3. my high beam doesn't work after a year
4. hard as hell to replace the bulb because the holes

Don't get it. Stick to your stock.


----------



## 1CLNB14 (Apr 30, 2002)

I have none of those issues...


----------



## 96sentra (Apr 9, 2003)

hey 1clnb14, did u get yours off ebay, if not where?


----------



## FatBoy4 (May 12, 2002)

*HALOs not PROJECTORS*

I ahve had projectors and halos
I was not happy with the halso so I kinda had to put my prohectors back on..
u cant find REAL projectors any more...
I say projectors rule 
I dont like the beam of halso


----------



## wickedsr20 (Aug 8, 2002)

Have had no issues with my lights. Of course, I didn't use that bulky harness that came with the lights either, but no problems at all so far.


----------



## Gimp (Jun 9, 2002)

I'm right there with Wicked. I didn't use the harness and don't have any problems. Just took a little bit aiming them. Other than that they are okay.


----------



## 95sentra (Aug 28, 2003)

Can someone direct towards where I can get amber corners or would I have to get creative and paint mine ? Thanks.


----------



## nismoprincess (Sep 27, 2002)

I have the old projectors not the halo's and I luv em  :banana:


----------



## FatBoy4 (May 12, 2002)

REAL PROJECTORS OWN HALOS ASS


----------



## holy200sx (Jan 8, 2003)

crystals own both.


----------



## sethwas (Apr 30, 2002)

Uhh....









Did someone say own?

Seth


----------



## holy200sx (Jan 8, 2003)

lol, let me get a pic of mine, and you will agree on Own.. actuallly i have a movie over in the cosmetic section... lets say.. Crystal HID owns all. lol


----------



## Overlooked (Jul 10, 2002)

I have no issues with mine. Do you want to buy them?


----------



## FatBoy4 (May 12, 2002)

holy why u always gotta bitch about the halos/projectors??
ignore what holy says he hates the halso


----------



## pearsont74 (Oct 1, 2002)

Im goin to add to this...if you follow the instructions from Seth's site and the Project 200sx site...you wont have a problem...I love mine 100 times better then stock and give my car a new look...i get compliments all the time from them


----------



## 99ryder718 (Sep 9, 2002)

http://members.cardomain.com/99ryder718 

i love my halos too chack my site let me know what you think.
99ryder


----------



## holy200sx (Jan 8, 2003)

FatBoy4 said:


> *holy why u always gotta bitch about the halos/projectors??
> ignore what holy says he hates the halso *


*Whack* calm down.


I dont hate halo's. they look nice, but they dont light up the road worth a shit. ask tickwomp, he has halo's, and i TRYED to aim them. and the beam pattern is just horrible.. its just like a 1ft wide line that stretches out..

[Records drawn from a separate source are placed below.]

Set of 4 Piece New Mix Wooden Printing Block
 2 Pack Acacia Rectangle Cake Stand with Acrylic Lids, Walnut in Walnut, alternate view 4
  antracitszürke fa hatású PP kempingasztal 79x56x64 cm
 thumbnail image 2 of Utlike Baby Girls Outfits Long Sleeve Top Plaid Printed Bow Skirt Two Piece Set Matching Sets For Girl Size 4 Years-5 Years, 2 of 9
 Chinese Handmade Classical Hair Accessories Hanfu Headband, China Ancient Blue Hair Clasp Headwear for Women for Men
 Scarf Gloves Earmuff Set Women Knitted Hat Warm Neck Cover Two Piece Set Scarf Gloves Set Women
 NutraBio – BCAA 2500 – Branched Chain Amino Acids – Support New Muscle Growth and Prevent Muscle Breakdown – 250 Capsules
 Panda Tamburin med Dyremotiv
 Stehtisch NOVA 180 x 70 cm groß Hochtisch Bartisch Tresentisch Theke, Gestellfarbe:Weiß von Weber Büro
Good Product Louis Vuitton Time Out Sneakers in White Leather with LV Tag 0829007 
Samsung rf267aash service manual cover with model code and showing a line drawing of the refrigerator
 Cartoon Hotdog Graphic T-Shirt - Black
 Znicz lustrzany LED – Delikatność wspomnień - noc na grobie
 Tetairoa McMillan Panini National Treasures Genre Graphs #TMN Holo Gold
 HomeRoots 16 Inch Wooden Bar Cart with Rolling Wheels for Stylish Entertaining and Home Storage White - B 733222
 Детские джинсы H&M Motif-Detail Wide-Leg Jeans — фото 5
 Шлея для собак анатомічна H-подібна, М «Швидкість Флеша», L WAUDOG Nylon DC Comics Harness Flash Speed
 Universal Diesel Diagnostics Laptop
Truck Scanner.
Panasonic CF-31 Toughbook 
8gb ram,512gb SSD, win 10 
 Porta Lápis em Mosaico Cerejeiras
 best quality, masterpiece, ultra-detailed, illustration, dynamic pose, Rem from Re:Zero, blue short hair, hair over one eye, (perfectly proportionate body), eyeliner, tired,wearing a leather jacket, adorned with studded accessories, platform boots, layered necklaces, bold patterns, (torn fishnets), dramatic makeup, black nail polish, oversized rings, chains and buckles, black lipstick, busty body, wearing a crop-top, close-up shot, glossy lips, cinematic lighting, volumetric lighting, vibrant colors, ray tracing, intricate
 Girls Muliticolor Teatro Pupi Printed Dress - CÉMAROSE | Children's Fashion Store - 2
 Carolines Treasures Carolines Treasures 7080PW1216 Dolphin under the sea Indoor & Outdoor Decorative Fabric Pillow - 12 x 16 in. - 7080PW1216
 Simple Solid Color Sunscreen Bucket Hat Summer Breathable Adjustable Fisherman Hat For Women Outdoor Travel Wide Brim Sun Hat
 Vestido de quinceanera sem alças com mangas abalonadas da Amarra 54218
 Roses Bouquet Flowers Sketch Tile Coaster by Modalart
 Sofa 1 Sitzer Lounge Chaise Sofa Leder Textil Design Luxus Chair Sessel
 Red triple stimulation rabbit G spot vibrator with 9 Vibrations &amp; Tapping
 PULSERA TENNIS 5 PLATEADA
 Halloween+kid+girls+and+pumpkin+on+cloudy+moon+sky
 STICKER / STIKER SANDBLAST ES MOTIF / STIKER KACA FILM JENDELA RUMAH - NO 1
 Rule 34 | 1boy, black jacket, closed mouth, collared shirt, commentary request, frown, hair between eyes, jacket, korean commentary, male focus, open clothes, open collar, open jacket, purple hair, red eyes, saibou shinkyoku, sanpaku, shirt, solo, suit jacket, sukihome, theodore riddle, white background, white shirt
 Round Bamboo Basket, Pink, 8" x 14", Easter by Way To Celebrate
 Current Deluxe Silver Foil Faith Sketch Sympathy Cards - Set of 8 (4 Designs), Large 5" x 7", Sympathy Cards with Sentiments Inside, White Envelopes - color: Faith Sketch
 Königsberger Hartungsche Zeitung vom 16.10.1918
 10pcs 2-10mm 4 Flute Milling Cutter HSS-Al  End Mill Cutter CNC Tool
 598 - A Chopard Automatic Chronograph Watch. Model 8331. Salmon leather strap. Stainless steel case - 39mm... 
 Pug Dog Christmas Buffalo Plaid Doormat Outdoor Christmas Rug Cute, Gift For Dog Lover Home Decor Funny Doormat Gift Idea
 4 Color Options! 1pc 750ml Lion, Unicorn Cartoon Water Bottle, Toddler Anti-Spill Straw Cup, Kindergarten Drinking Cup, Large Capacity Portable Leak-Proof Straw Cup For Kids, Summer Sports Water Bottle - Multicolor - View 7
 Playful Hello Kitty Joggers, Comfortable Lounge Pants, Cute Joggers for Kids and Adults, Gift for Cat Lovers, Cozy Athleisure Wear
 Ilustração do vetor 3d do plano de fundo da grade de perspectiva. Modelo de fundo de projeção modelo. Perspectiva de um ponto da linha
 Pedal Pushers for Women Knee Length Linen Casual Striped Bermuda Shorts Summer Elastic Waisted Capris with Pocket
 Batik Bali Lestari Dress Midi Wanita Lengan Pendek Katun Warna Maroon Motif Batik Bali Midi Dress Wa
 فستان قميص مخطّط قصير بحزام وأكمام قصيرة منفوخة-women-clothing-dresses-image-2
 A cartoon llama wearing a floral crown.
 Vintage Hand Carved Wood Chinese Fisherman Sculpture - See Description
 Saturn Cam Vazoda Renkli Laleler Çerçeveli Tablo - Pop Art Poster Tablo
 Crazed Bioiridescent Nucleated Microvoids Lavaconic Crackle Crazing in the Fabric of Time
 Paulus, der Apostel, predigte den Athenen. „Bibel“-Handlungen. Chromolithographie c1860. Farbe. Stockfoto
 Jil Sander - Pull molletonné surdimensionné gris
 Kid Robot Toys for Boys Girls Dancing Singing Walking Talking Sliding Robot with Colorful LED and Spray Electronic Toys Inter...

anyways, my opinion.. MY OPINION (OPINION MIND YOU) I like crystal clears, of all the headlights ive owned... which was all that exist for the B14.. Custom projector headlights, regular Projecotrs, halo's, 99style, and 97 style, then my crystals.. i like crystals the best... thats my.. OWN JUDGEMENT AND OPINION.


----------



## green_devil95 (Feb 17, 2003)

i,m also very happy with mine all u got to do is adjust them.


----------